Task goal — From the material below, set down exactly the lines that run from the one containing "Gantungan Kunci Odette" to the one containing "Longshore Tides Benley", minus the pictures.

Study material —
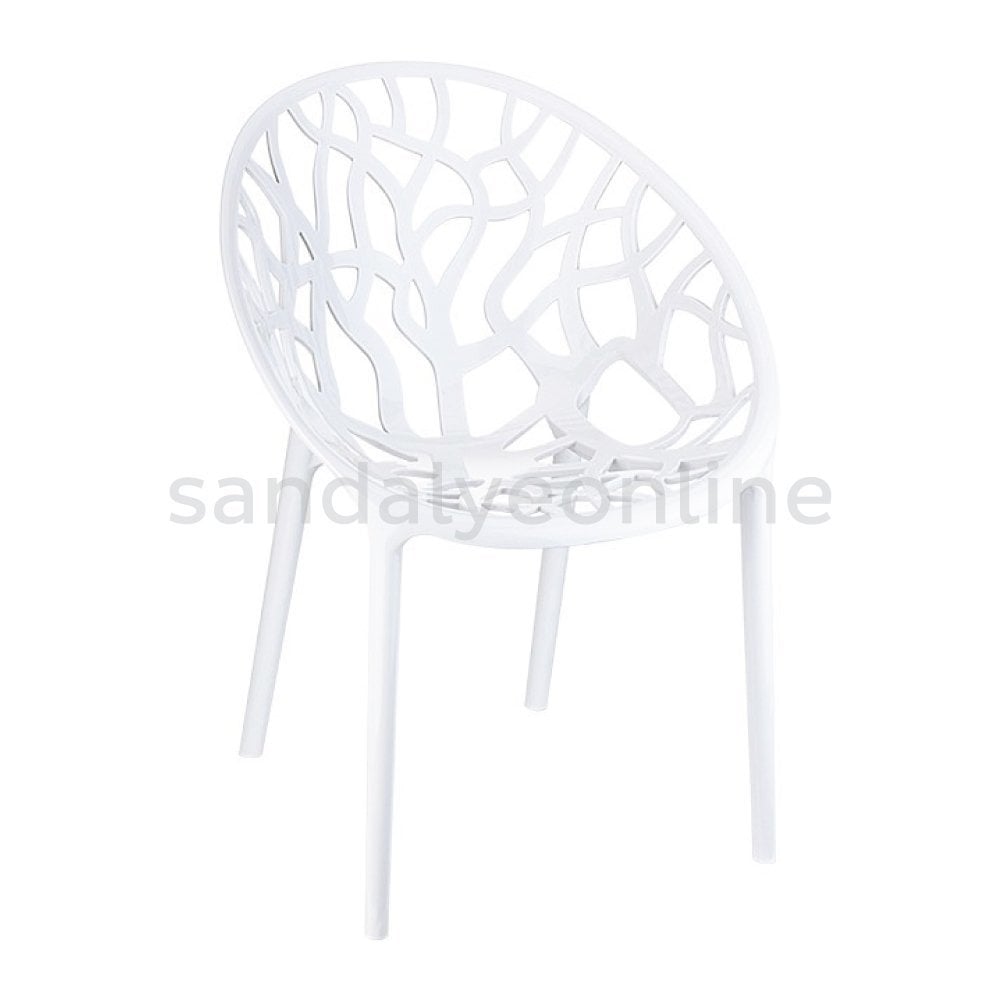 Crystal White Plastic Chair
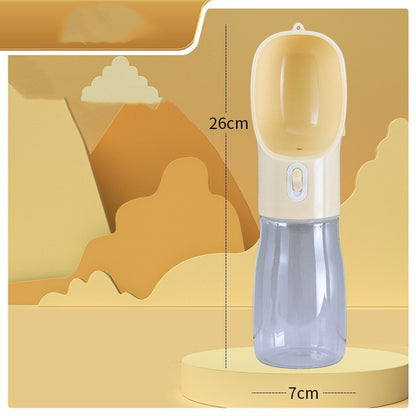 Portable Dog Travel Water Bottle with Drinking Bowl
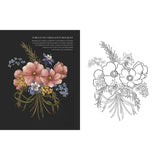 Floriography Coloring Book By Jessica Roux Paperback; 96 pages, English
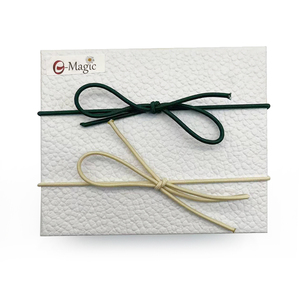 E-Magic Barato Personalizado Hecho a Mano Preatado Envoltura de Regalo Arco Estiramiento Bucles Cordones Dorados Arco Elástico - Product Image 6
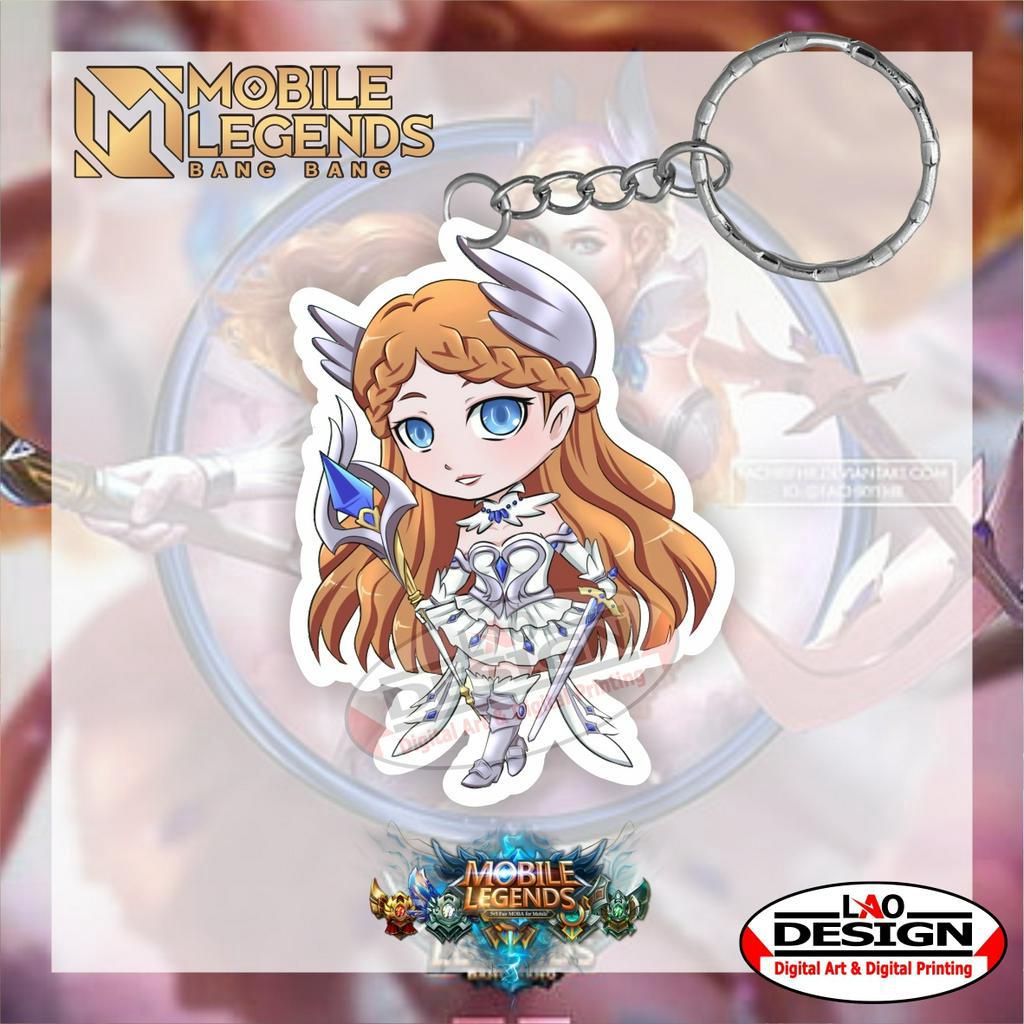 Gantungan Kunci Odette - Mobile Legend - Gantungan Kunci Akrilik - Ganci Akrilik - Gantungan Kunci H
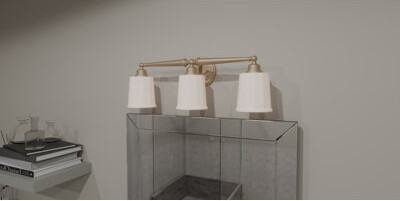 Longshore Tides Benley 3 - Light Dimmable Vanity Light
---
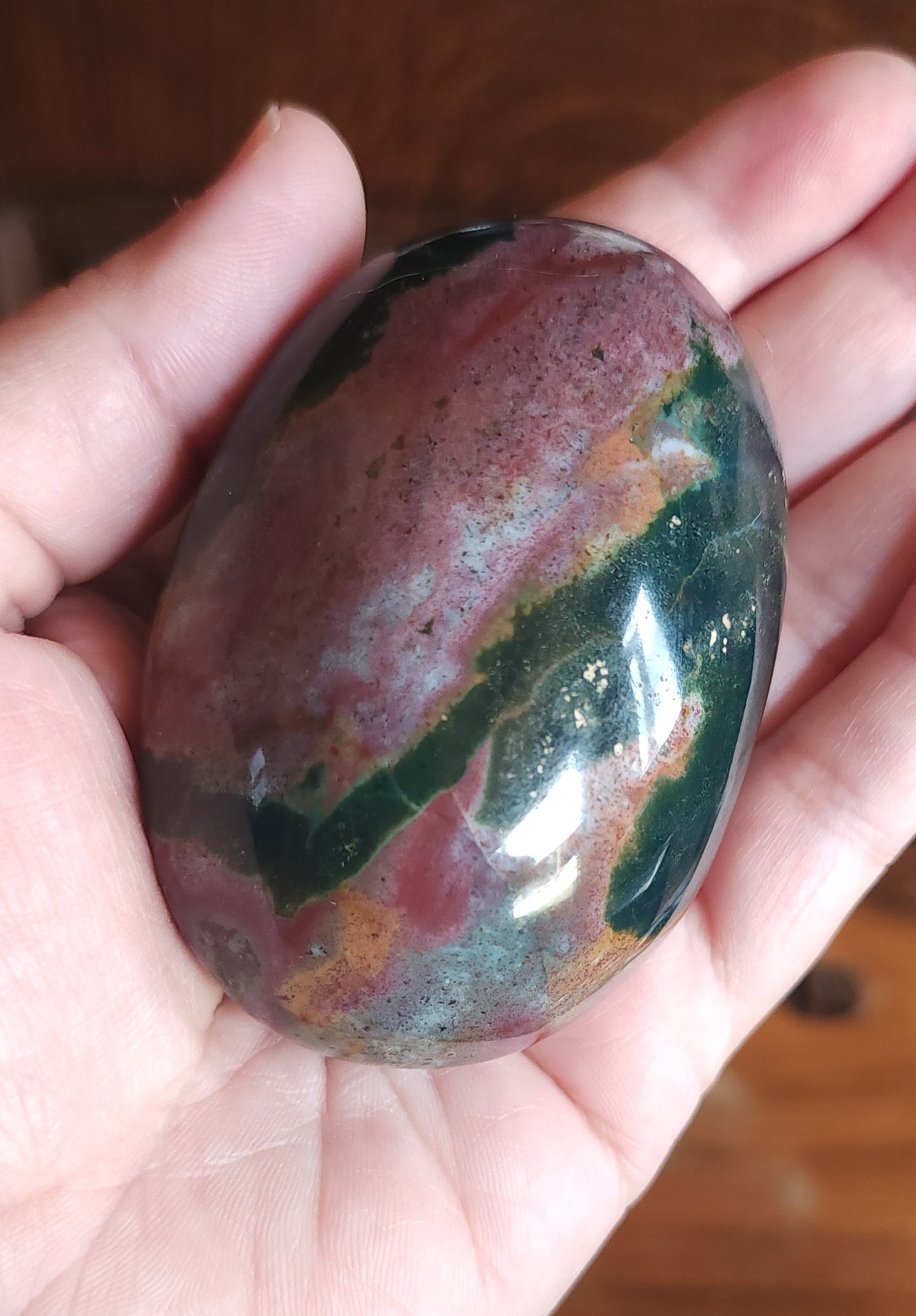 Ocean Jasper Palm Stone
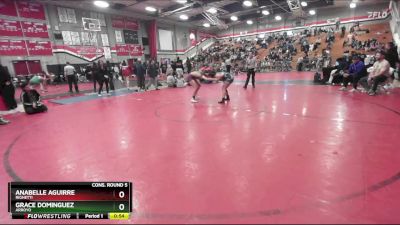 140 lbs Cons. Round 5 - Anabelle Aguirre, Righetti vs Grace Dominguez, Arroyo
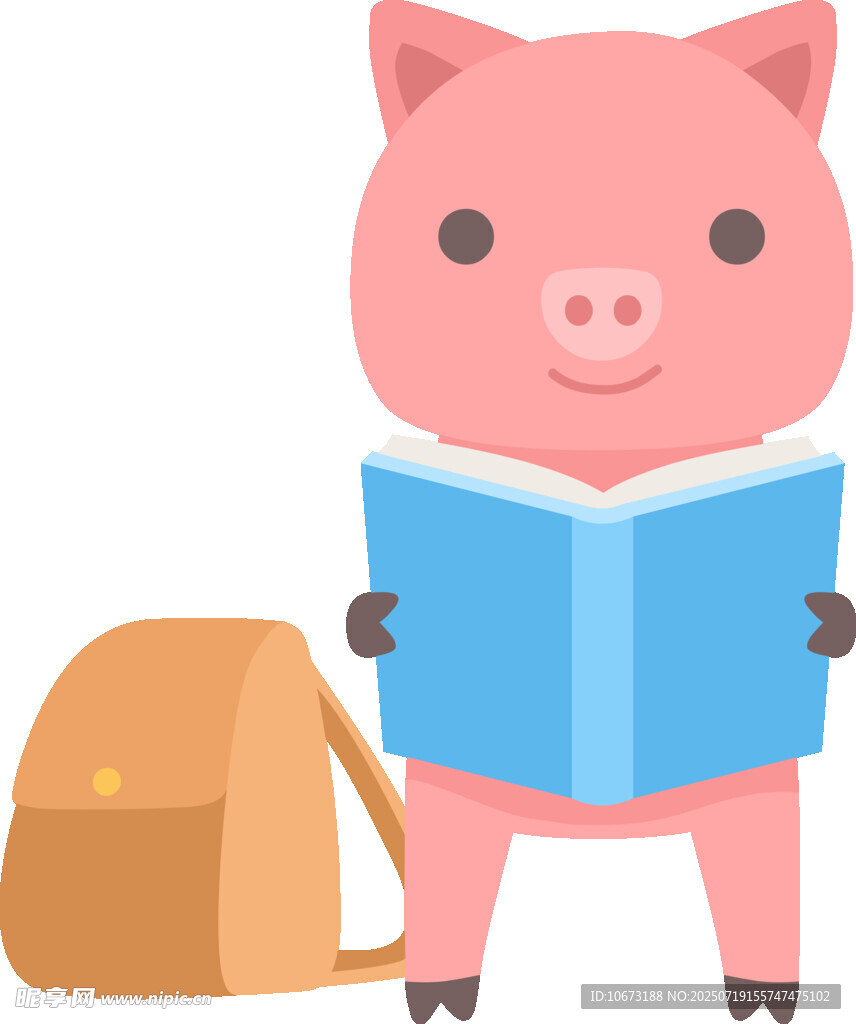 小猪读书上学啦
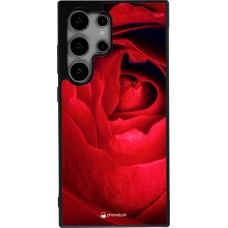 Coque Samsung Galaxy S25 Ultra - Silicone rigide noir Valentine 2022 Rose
---
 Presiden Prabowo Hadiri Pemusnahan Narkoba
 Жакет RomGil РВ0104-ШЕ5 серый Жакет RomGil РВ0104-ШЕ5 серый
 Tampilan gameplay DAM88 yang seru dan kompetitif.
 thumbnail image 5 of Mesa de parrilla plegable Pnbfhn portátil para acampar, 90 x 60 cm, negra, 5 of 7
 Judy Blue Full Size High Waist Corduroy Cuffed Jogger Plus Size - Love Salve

Response below —
 Gantungan Kunci Odette - Mobile Legend - Gantungan Kunci Akrilik - Ganci Akrilik - Gantungan Kunci H
 Longshore Tides Benley 3 - Light Dimmable Vanity Light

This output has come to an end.